SPI (Serial Peripheral Interface)
UART (Universal Asynchronous Reception and Transmission)
Modbus RTU/TCP

As you can see it now starts to get more complicated.

For most industrial applications you will use a voltage or current based sensor with a good balance of accuracy and durability. These sensors will have a stable and regulated power supply and will most likely be connected to an industrial PLC (Programmable Logic Controller) or RTU (Remote Terminal Unit). These types of sensors are less suited to low power applications.

For low power and IoT (Internet of Things) applications, where power conservation is a priority, you will often use low voltage signals and protocols such as I2C and SPI.

Power Requirements

Aside from switches, most sensors will need a power source. This will depend heavily on the type of sensor and the connectivity options it provides. Power input requirements can range from the low-power range, which is generally between 3.3V and 5V, to the more common industrial levels of 12V or 24V.

If mains power, or 12V solar power and batteries are available, then almost any sensor can be powered. For compact IoT applications the most common power source will be a long-life battery, and optionally, a low voltage solar panel.

You'll need to calculate the expected power consumption of your solution and think about whether you need solar power and batteries, and if so, what size and capacity you need.
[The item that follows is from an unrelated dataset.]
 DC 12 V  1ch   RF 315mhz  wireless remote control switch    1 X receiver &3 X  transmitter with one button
In low-power solutions, the solar connection and battery charging capability is often in included in the IoT circuit boards. These can use solar modules that operate at 5V and only a few Watts with AA, C or D sized Lithium batteries.

Installation

Where will the sensor be located and how will it be mounted? What cabling does it require? Does the sensor need to be protected from weather, moisture, dust or animals? What access is needed for maintenance and how often?

Installing a sensor can be a challenge, especially in extreme or hazardous environments, or when placed near other infrastructure such as power plants, railways and waterways. The cost can vary a great deal depending on the infrastructure required by the sensor.
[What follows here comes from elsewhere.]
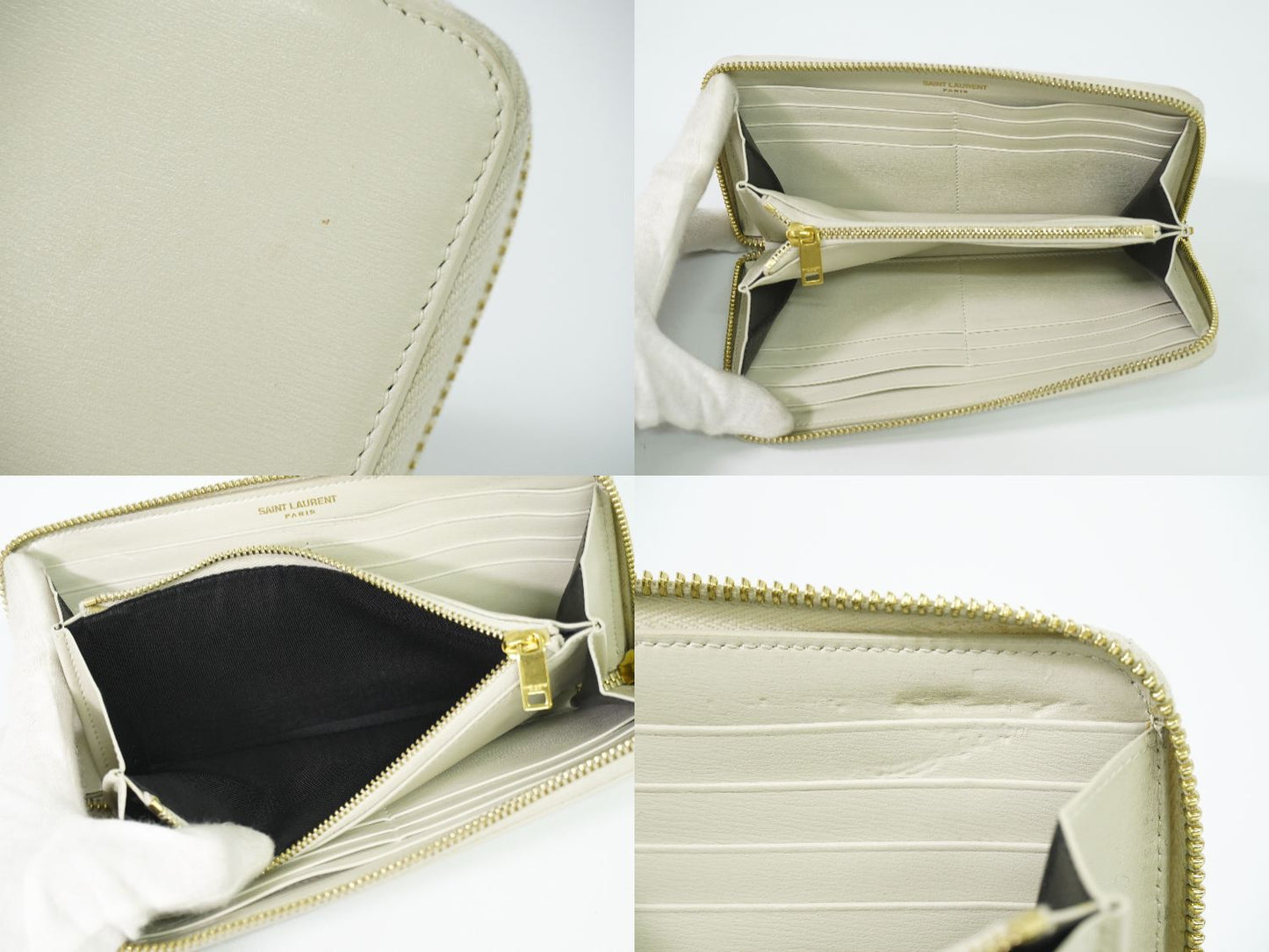 SAINT LAURENT 長財布 アイボリー 637432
Power infrastructure, such as batteries and solar panels, can often significantly increase the overall cost of installing a sensor due to the cost of construction and installation of poles, foundations, enclosures and cabling.

Low-power systems can be used where sensor data is only needed between once a day and a few times a day. Using this approach you can avoid costly infrastructure and thus achieve a very low installation cost.

Gateway

The gateway is a device, or set of devices, that interfaces with the sensor either directly, or through an external converter/isolator, and provides the connectivity to the digital world.
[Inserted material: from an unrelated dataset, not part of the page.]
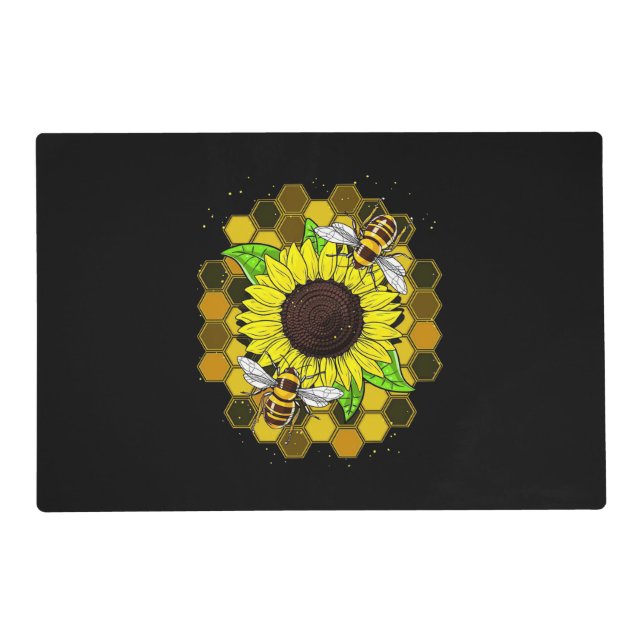 Hippie Sunflower Bees Placemat (Front)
A gateway is a generalised term and represents any type of device that can interface with electrical signals, provides some level of programmability and generally includes certain communication options. In the industrial setting this may be a PLC or RTU connected to a mobile data router. It can also be an all-in-one router that supports a limited set of I/O.

In the world of IoT, this will usually consist of a circuit board with a mixture of capabilities such as battery charging, mobile communications and I/O protocols and connections.

Different angles of a Teltonika RUT956 router

There are a few things to consider here depending on the situation. The main questions to answer here relate to trade-offs between network availability, bandwidth requirements and power consumption.

Are the sensors located close to an existing network connection or you do need to install your own? How much data needs to be transmitted and how often? Do you have mains power available or will you need solar and battery infrastructure?

Let's look at the types of connections that you could use.

Fixed Connection

A fixed connection is a connection method where you directly connect to an existing network using a copper or fibre-optic cable. This allows you to use technologies such as Ethernet or serial using RS232/422/485. This works great if you have the infrastructure available, but this is often not an option.

You will most likely find this type of connection in an indoor environment, at a plant or factory, or where a company has their own backbone fibre network.

Wi-Fi

This option is less common in outdoor and remote areas, but can be useful if you already have Wi-Fi infrastructure and you have indoor sensors or sensors in a near-by area. The benefit is that you will be able to use your own private network and you can leverage fast transfer speeds.

The downsides are that Wi-Fi may not always be reliable, uses a significant amount of power and you will need an industrial router that supports Wi-Fi connectivity.

Mobile (LTE)

Mobile data is one of the most common connectivity options in populated areas and along major infrastructure such as roads and rail. Coverage generally increases over time as more towers are rolled out or upgraded.

This connection method is supported by dozens of different types of mobile data routers, and you can tailor your connection plan to what you need. Bandwidth will vary, but it will most likely be more than enough for sensor data and maybe even for video streaming.

The downside of LTE is that it uses a significant amount of power and is not optimised for low power applications. It also relies on good signal quality.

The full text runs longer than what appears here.